**MATERIAL FOR THIS TASK**
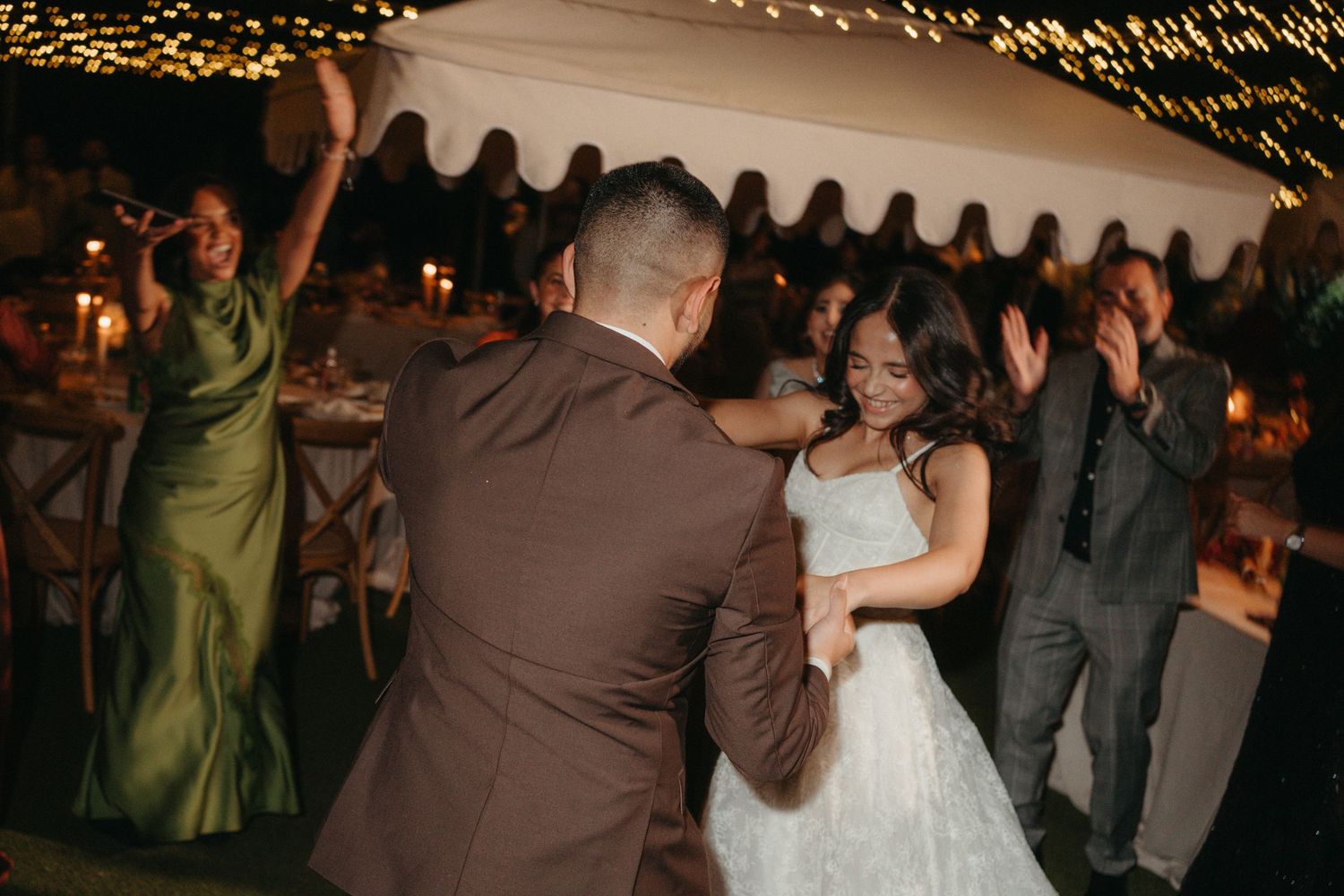 Bride and groom share first dance at elegant outdoor wedding reception with candles and guests celebrating.
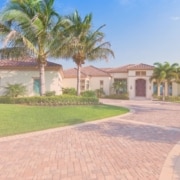 Image 1 (who pays for a home inspection.jpg): "Exterior view of a large, single-story luxury home with a paved driveway, red tile roof, and palm trees in a landscaped yard.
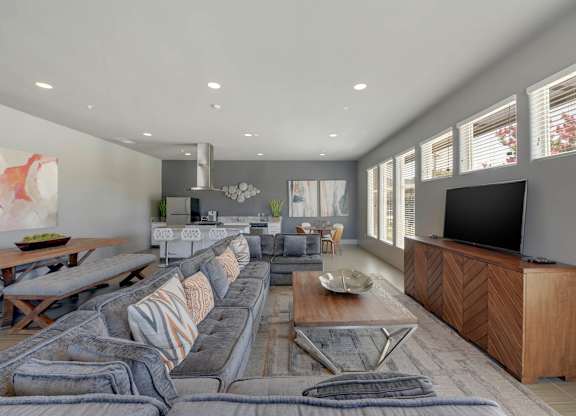 Modern open concept living space with sectional sofa at Anton Arcade Apartments, Sacramento, CA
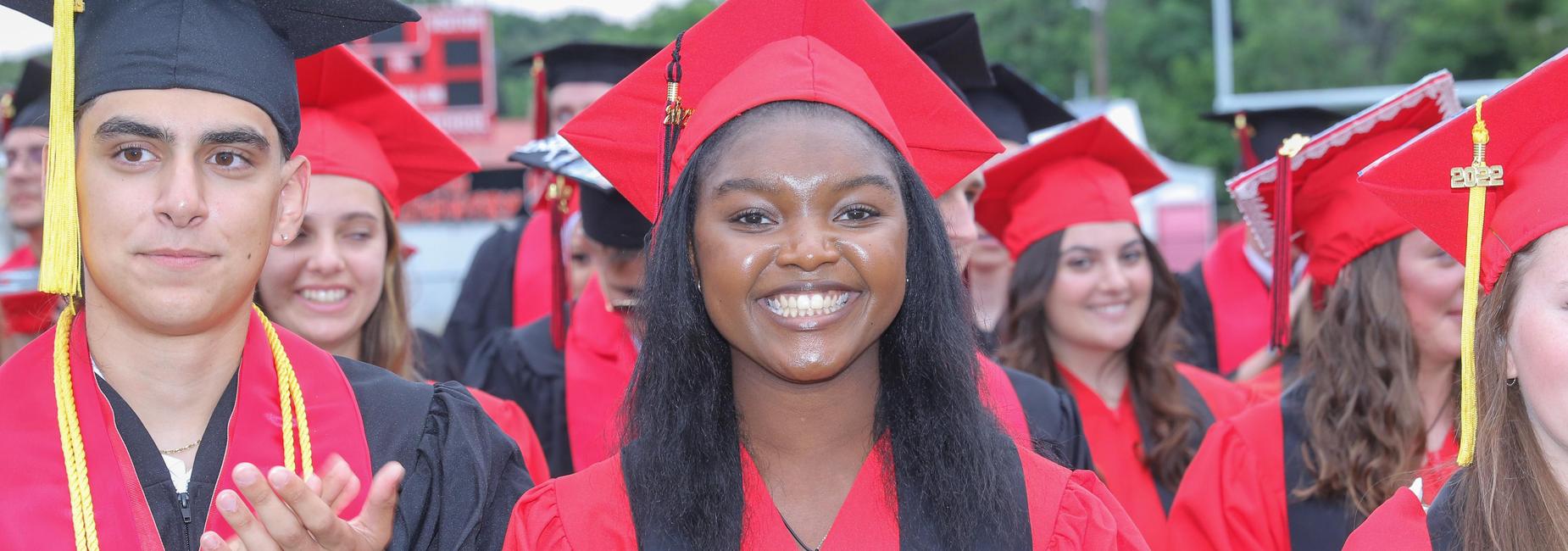 Graduates clapping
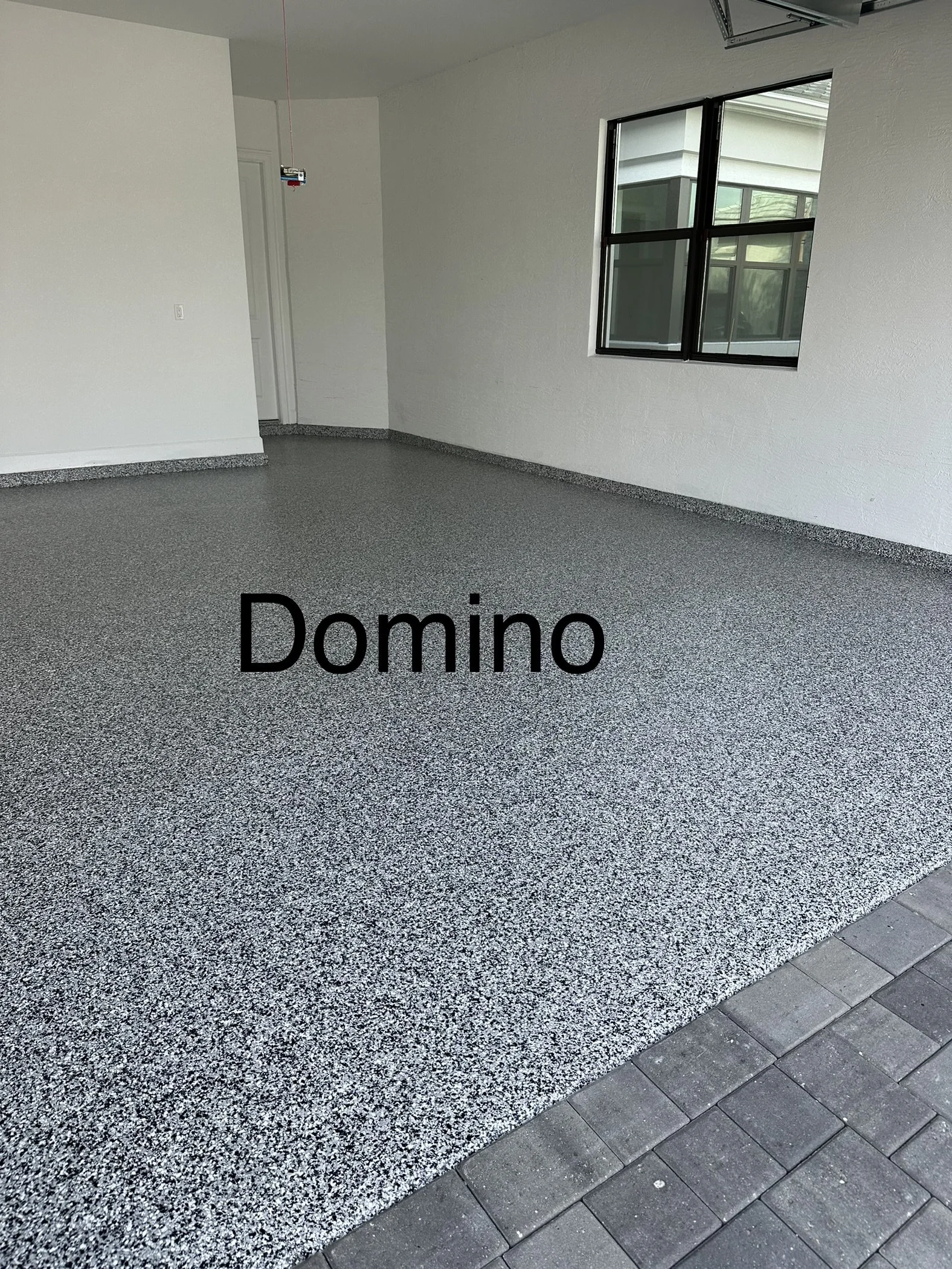 Interior of a house with freshly finished speckled epoxy-coated garage floor, labeled 'Domino', with a large window, white walls, and an open doorway.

**EXERCISE REQUIREMENTS**
Word for word, reproduce all of the entries above and omit the pictures.

**RESULT OF THE TASK**
 Bride and groom share first dance at elegant outdoor wedding reception with candles and guests celebrating.
 Image 1 (who pays for a home inspection.jpg): "Exterior view of a large, single-story luxury home with a paved driveway, red tile roof, and palm trees in a landscaped yard.
 Modern open concept living space with sectional sofa at Anton Arcade Apartments, Sacramento, CA
 Graduates clapping
 Interior of a house with freshly finished speckled epoxy-coated garage floor, labeled 'Domino', with a large window, white walls, and an open doorway.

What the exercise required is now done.